Религия есть прежде всего соединительное звено между относительным и тем абсолютным, бесконечным и совершенным, которое постигал Герберт Спенсер. Она есть в то же время стремление развивать и направлять к совершенству нашу субъективную жизнь и познание, чувство связи между внешним, частным, ограниченным, неверным бытием и общим источником всякого бытия, — чувство, которое, как говорит Спенсер, само собою обнаруживается и как бы застигается нами врасплох в том, что мы называем сознанием.
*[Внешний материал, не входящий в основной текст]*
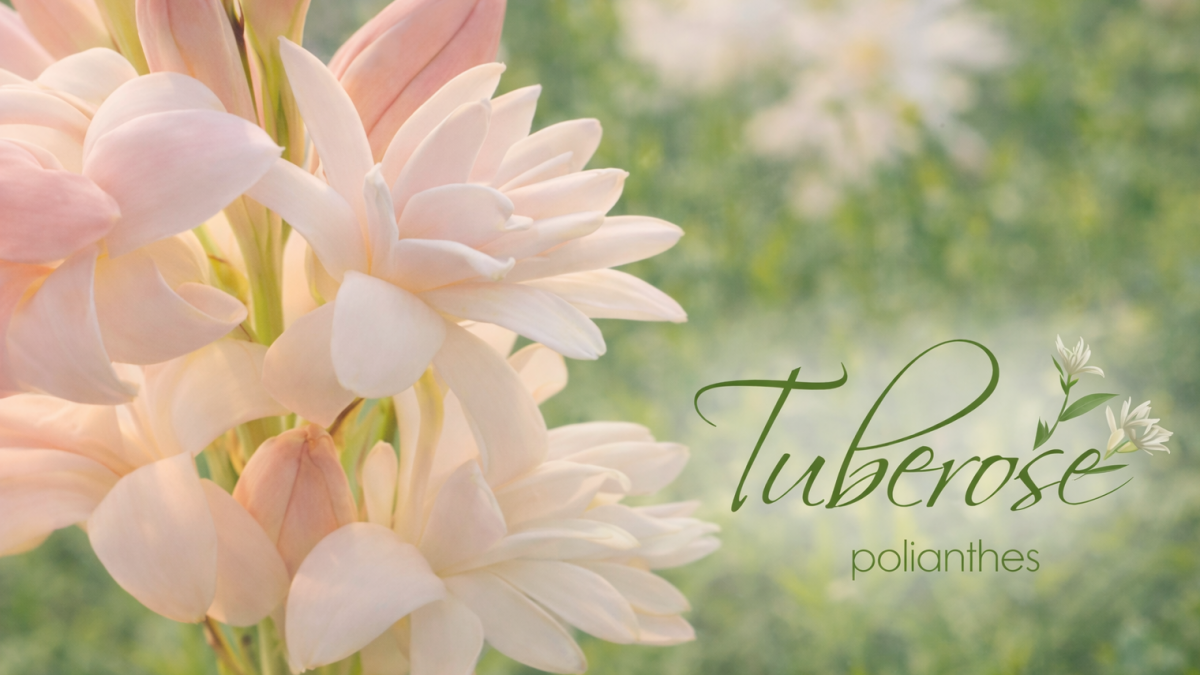 Тубероза – аромат, ползи, масло и грудки | Производител България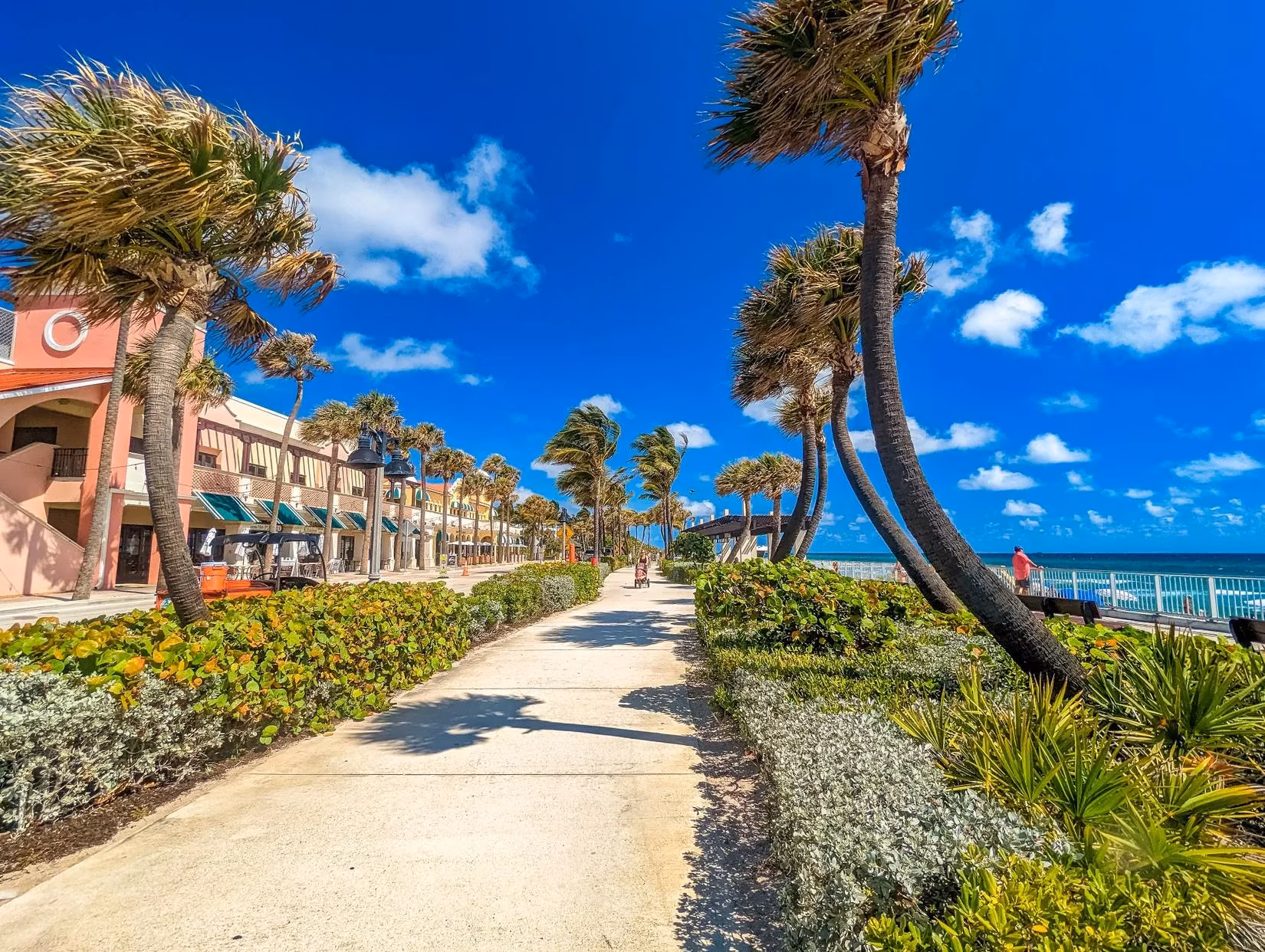 lake-worth-beach-florida-s-bohemian-seaside-sanctuary-image-1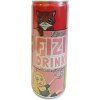 FIZI DRINK limonáda s příchutí liči 250ML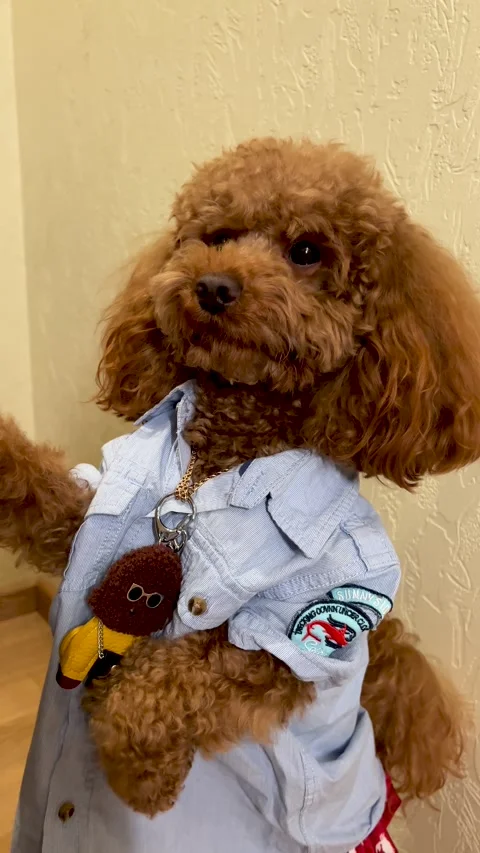 A Stylish Poodle Dressed in an Adorable and Cute Outfit That Catches Everyones Stock Footage 312320734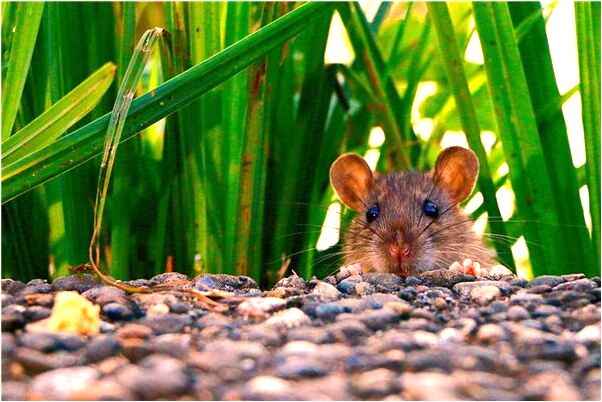 夢見姑姑家的鄰居蓋三層樓會有什麼預兆_周公解夢官網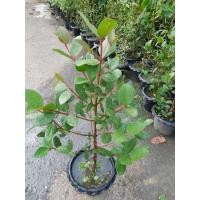 ราคา ขาย ต้นลำแพน ไม้หายาก สูงประมาณ 50 ซม มาใหม่ต้นสวยๆเสียหายจากการขนส่งเคลมฟรีค่ะ (21535089455)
Мы не можем всецело стать на сторону объективизма, так как в действительности между субъектом и объектом нет настоящего разделения. Для того, чтобы уловить объект, как нечто обособленное, надо искусственно задать его себе, как задает себе математик условия задачи. объект и субъект, как они даны нам в природе, как они существуют в действительности, составляют одно. Разум человеческий, с целью привести себя в соприкосновение с вещами, создает абстракции, сводит реальные объекты к понятиям, и значительную часть этой работы совершает безотчетно. Религия есть таинственное сознание реальности жизни, реальности души и ее связи с другими существами, которые в свете нашего рассудка кажутся обособленными объектами, механически сталкивающимися между собой наподобие атомов Демокрита.
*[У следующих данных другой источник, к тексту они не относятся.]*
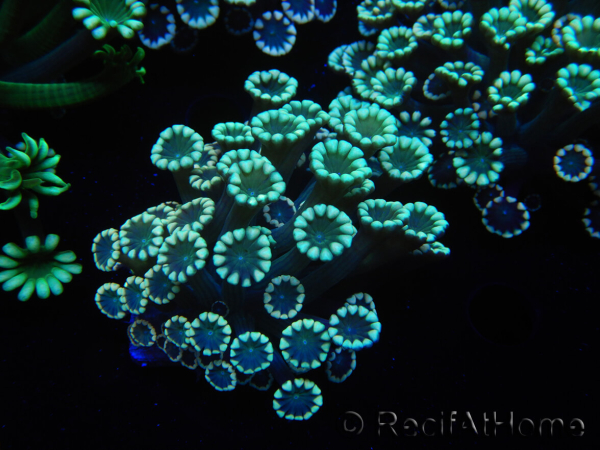 WYSIWYG Alveopora Molly Dream 17C5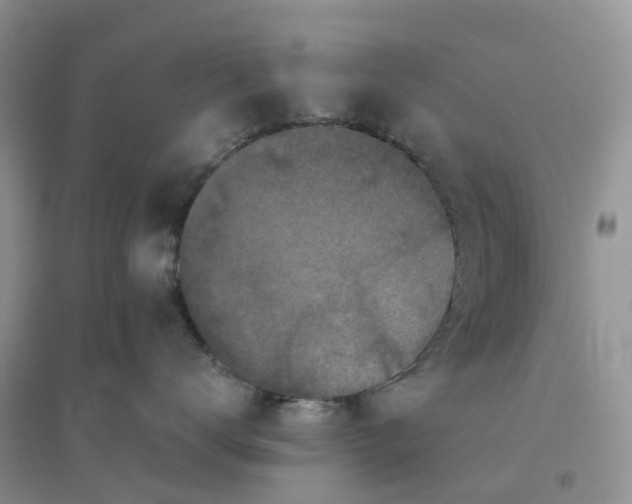 X0000096180672200802011344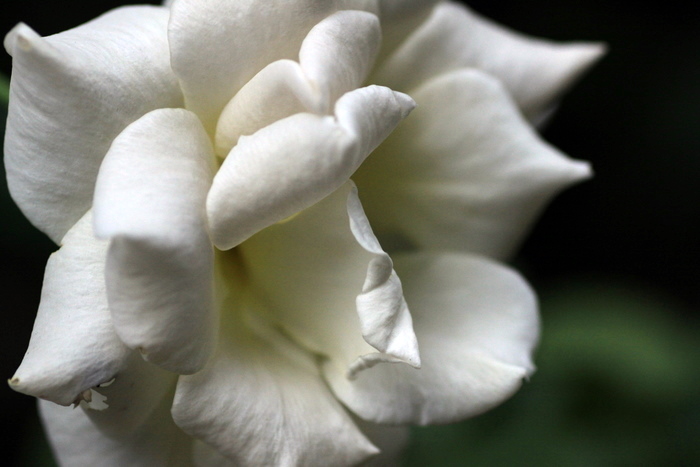 b0165522_2128178.jpg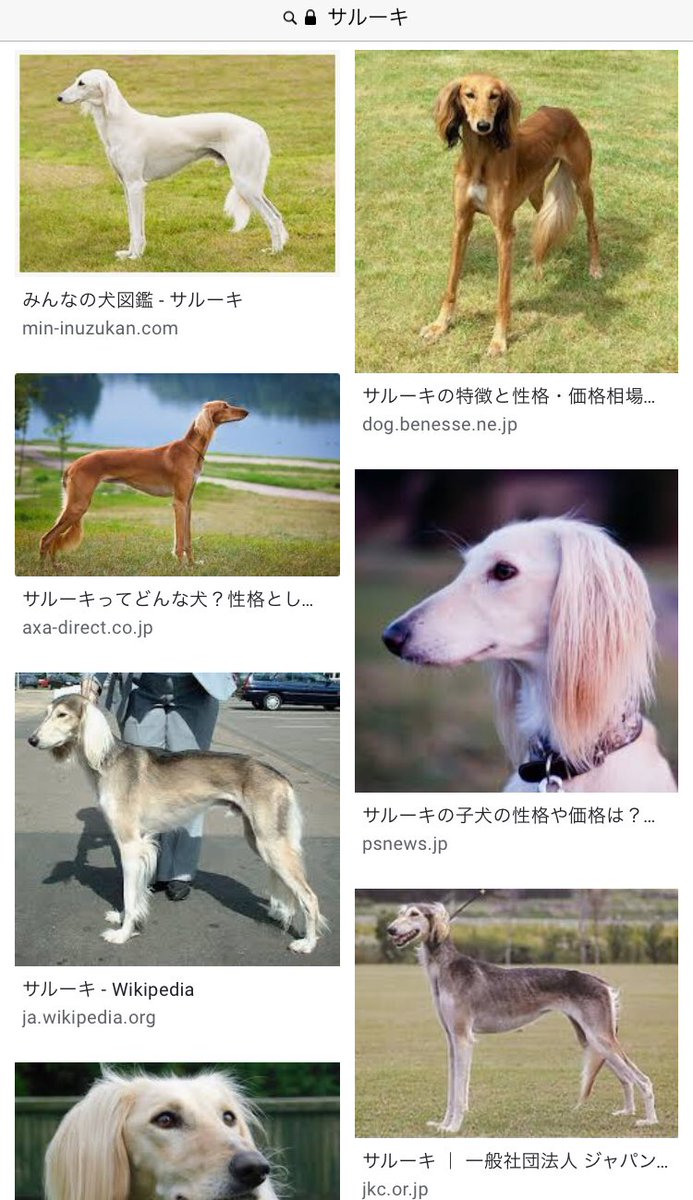 槙 Maki てるまくんの演じてるクロス 犬種はサルーキらしいのですが 画像検索すると脚が骨ばって細くてなっが となるから 脚がタイトで前肢がちょっともふっとしてる衣装デザインと身長1を選んだキャスティング天才かよ って1日5回くらい思っ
Вот почему религия не может состоять в одном только утверждении и немом обожании непознаваемого трансцендентного. Герберт Спенсер дает нам или слишком много, или слишком мало, как справедливо упрекают его непримиримые натуралисты. „Человечество“ Огюста Конта мы признали понятием несовершенным и несостоятельным на том основании, что человек в основе своей есть существо, непрестанно выступающее за пределы себя самого. С еще большим правом отказываемся мы последовать за Гербертом Спенсером в его попытке поставить людей лицом к лицу с существом, из которого все проистекает, лишь для того, чтобы затем сказать им, что существо это для них совершенно непостижимо, что оно ничего не может им дать.
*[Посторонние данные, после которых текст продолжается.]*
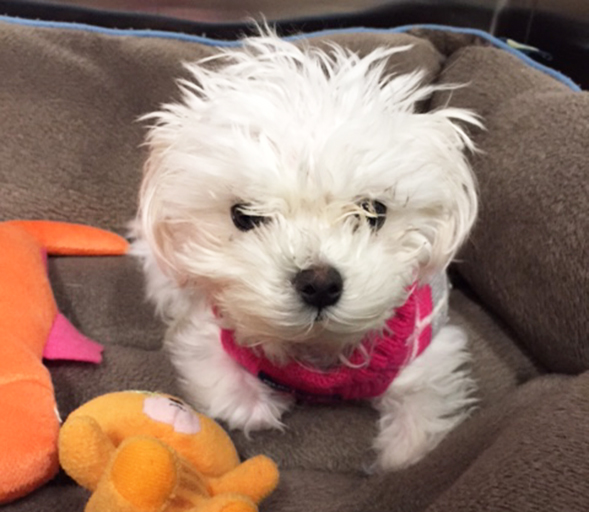 Cute white dog sitting in dog bed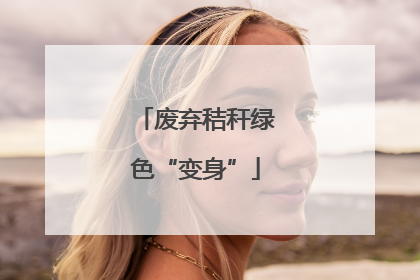 废弃秸秆绿色“变身”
Припомним цитированную выше фразу: „Is it not just possible that there is а mode of being as much transcending intelligence and will as these transcend mechanical motion“? „Разве невозможно допустить, что существует форма бытия, в такой же степени превосходящая разум и волю, в какой эти последние превосходят механическое движение?“
Выставить такое положение значит идти слишком далеко. Как, постигая возможность такой формы бытия, удержаться от желания, чтобы она была не только возможной, яо и действительной? Как не искать средств для того, чтобы превратить эту возможность в действительность! Разве разум, воля человеческая не есть усилие дать форму идеалу, заставить его спуститься в наш мир, в нашу жизнь? И не являются ли естественным и необходимым дополнением к словам Герберта Спенсера другие известные слова: „Да придет царство твое, да будет воля твоя, на земле, как на небе“ Другими словами: „Будем молиться и действовать, чтобы это вышнее царство истины, красоты и добра, которое предвидит человеческий разум, не осталось простым идеалом, чтобы оно пришло к нам, чтобы оно реализовалось не только в Непознаваемом и трансцендентной религии абсолютного, но и в том мире, где мы живем, где мы любим, страдаем и работаем; не только на небе, но и на земле.